In discussing peer observation, Muijs advised caution on the use of rating scales. ”Peer observation is really helpful,” Muijs said. “But I think what’s more helpful is the developmental conversation and the qualitative feedback that you have. Using a rating scale can detract from that because people focus on the numbers rather than on the actual development.” 

Dueñas noted that the Global Teaching InSights videos and findings are “not designed to be an assessment for promotion, but it’s really for professional growth and reflection on practice.” She added that it is important for universities to be part of this discussion and to use the findings from the study to analyze and improve their own teacher training programs. 

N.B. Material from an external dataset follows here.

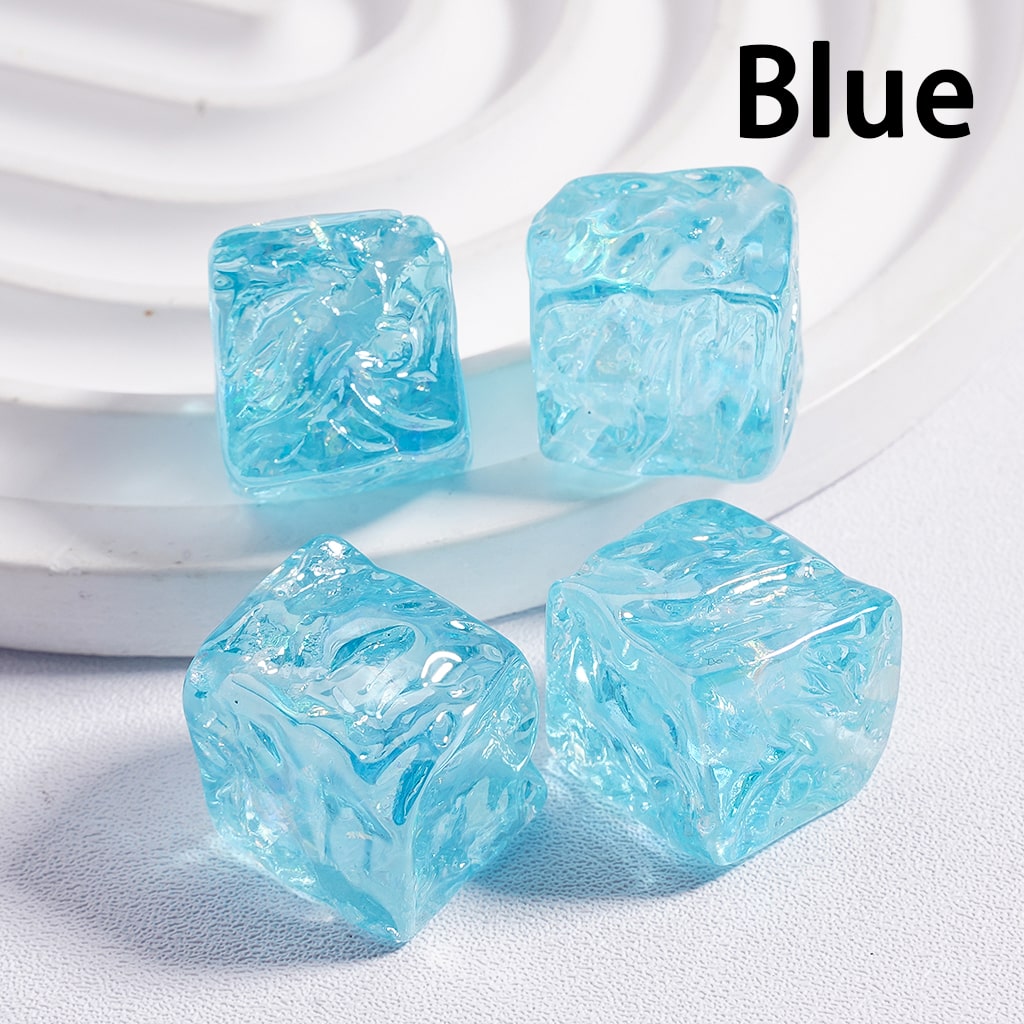 UV Coating Bumpy Square Cube with Shiny Flakes Inside Translucent Multi-Color Acrylic Beads 15*15mm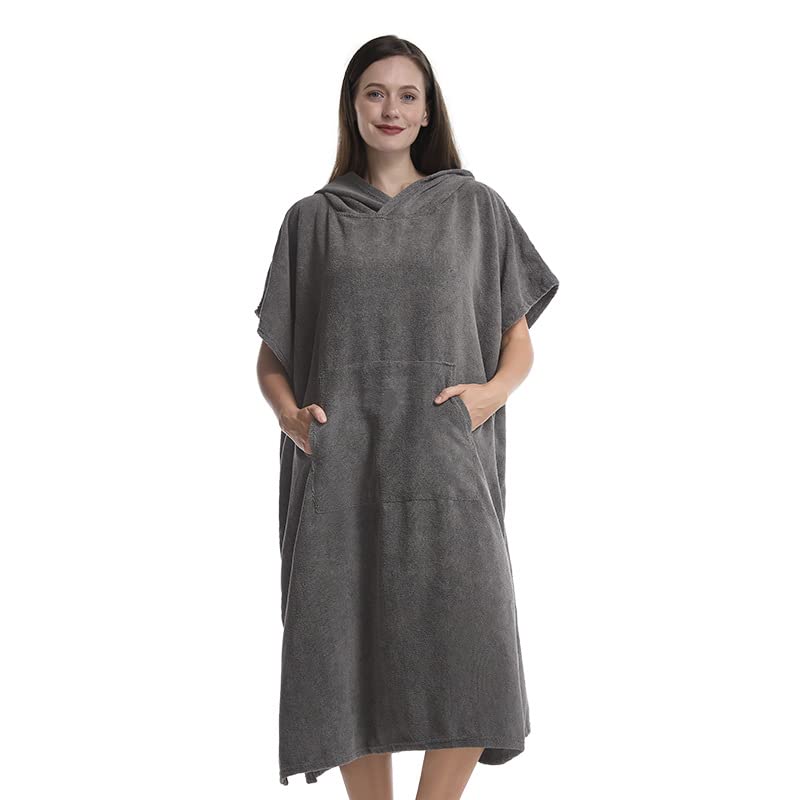 Handtuch, Badetuch, extra groß, dick, mit Kapuze, Strandtuch, Wechselmantel, schnell trocknend, Mikrofaser-Frottee, Surf-Poncho for Männer und Frauen (Color : E, Size : 1PC_110X85CM)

The Q&A segment was marked by enthusiastic attendee engagement with a steady flow of questions and observations about the Global Teaching InSights data and their potential. 

After audience questions and closing thoughts from the international panel, Levine concluded the forum by thanking the participants and emphasizing AERA’s commitment to working across domains on these critical issues. 

“Our excellent panelists captured an extraordinary slice of what is in store for future use of important and innovative data like this,” Levine said. “This forum was directed by design to the policy and the teaching practice communities; in early 2021 AERA will hold a follow-up event on the Global Teaching InSights Video Study that further connects it to the research community.”

The Global Teaching InSights Video Study is unique in the amount and types of data it collects on teaching and the methods it uses to analyze them. About 700 teachers and 17,500 students from eight countries and economies participated. The study draws upon observation of lesson videos and instructional materials, analysis of teacher and student questionnaires, and measurement of students’ cognitive and noncognitive outcomes.

By directly observing teaching in the classroom, the study provides a detailed account of classroom management, social-emotional support, and instructional practices, as well as students’ opportunities to learn the content specified in the curricula in the classrooms of the examined countries and economies. 

The forum was cosponsored by the recently launched AERA-ICPSR-NSF PEERS Data Hub. The event webcast and presentation slides will be available on the AERA website in early December.